After the death of Mrs Manikam things had not gone well for Manikam. His marriage had been fruitless and he now mourned not so much a wife as the lack of a son. Ill health, the state of widower and a fall in business had brought him low. When he could no longer pay their salaries, Manikam’s other two employees left. Only Raj had remained to work for three meals a day. This show of loyalty decided Manikam to treat Raj as a surrogate son. From the beginning Mrs Manikam had taken a liking to him, and had always fussed about him while she lived in a manner that annoyed her husband.

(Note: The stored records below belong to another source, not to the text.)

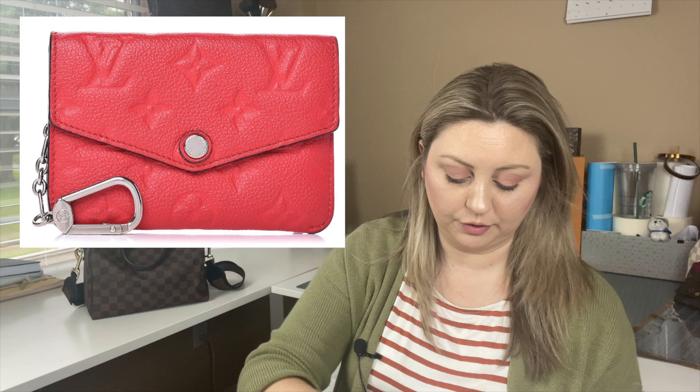My last worst pre-loved luxury purchase was an Empreinte key pouch in the Poppy color. I purchased it for $380 on Fashionphile — it's $475 retail. I thought I'd try a pop of color in a small accessory so that if I didn't love it, who cares. Well, I never carried it. It was a lighter color and I was afraid it was going to get dirty. That key pouch is a phenomenal pouch though, and if I could get it in the Noir color I totally would. Empreinte leather is heavy but gorgeous.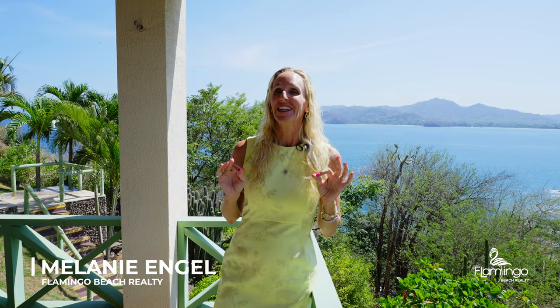Hello, this is Melanie Engel from Flamingo Beach Realty. Thank you so much for watching. Today we're going to have the wonderful pleasure of touring one of my new exclusive listings. We're here in the beautiful Playa Flamingo on a sunny day in Costa Rica at 501 Punta Plata. Come enjoy this beautiful property tour with me today.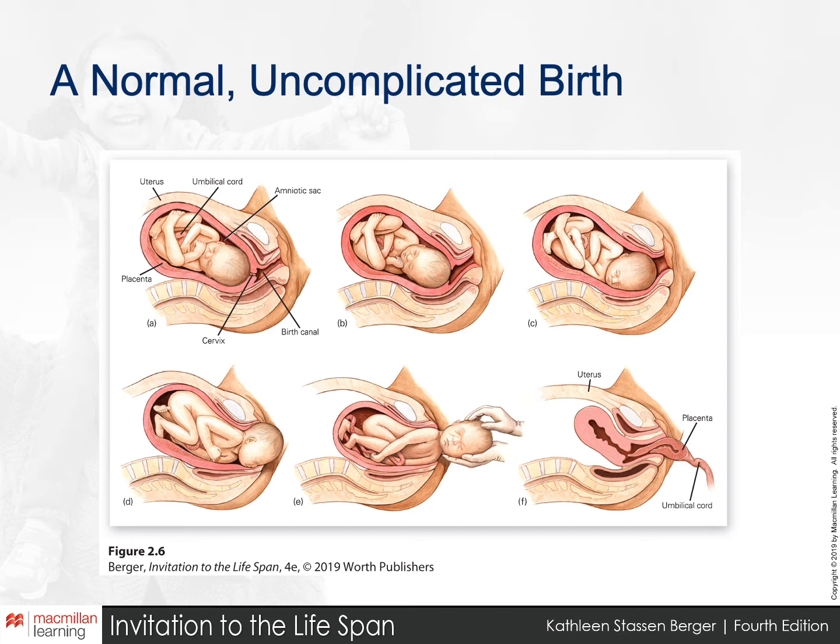The last image, F, shows the third stage of labor — the expulsion of the placenta. This usually occurs naturally, but it is crucial that the whole placenta be expelled. Birth attendants, whether a doctor, nurse, or doula, tend to check very carefully to make sure the entire placenta is removed.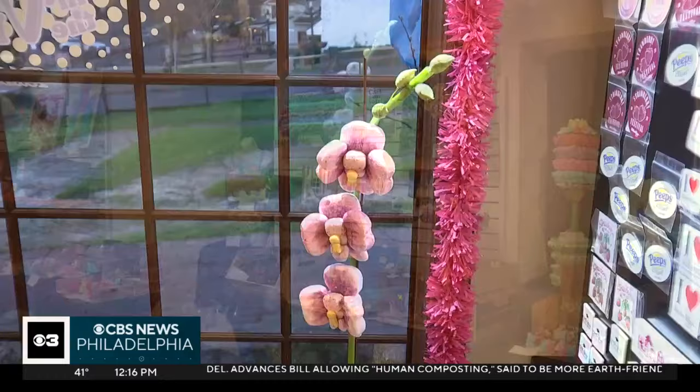Thanks so much, Christine. If you want to check out Peeps in the Village or just learn more information, head to PeddlersVillage.com. I'll send it back to you in the studio. Thank you, Ross.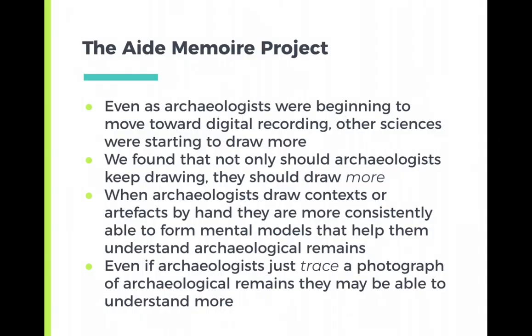The Aide Memoir project found that even as archaeologists were beginning to move towards digital recording, other sciences — like physics, maths, and especially the geosciences — were starting to draw more and more often, finding that their students had much better results from drawing. We found that archaeologists should not only keep drawing, but should draw more — during excavations, during artifact recording, but also consider sketching along as you learn new concepts in archaeology. When archaeologists draw contexts or artifacts by hand, they are more consistently able to form the mental models that help them understand archaeological remains. Even tracing a photograph of archaeological remains may help you understand a bit more about the context.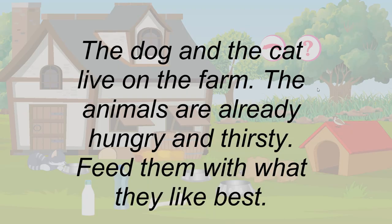The dog and the cat live on the farm. The animals are already hungry and thirsty. Feed them with what they like best.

‘Tomorrow I will do our accounts for this week,’ Raj promised as Manikam turned the key of the cash box. Under Manikam’s instruction Raj had learned how to add and subtract and balance neat columns in a large ledger. He soon found irregularities in Manikam’s account books, careless mistakes that created unnecessary and sometimes shocking deficiencies. Soon, Raj’s disciplined management of the business had produced small profits in a pleasing way, and almost imperceptibly control of the shop had passed from employer to employee. Manikam was happy most of the day to read a newspaper and drink tea. In the beginning Raj had slept in the shop on the counter top but recently, after Manikam had raised his salary by a small amount, he had rented one of the dark tenement cubicles upstairs. Manikam himself rented the entire ground floor of the shophouse for his business premises and living space.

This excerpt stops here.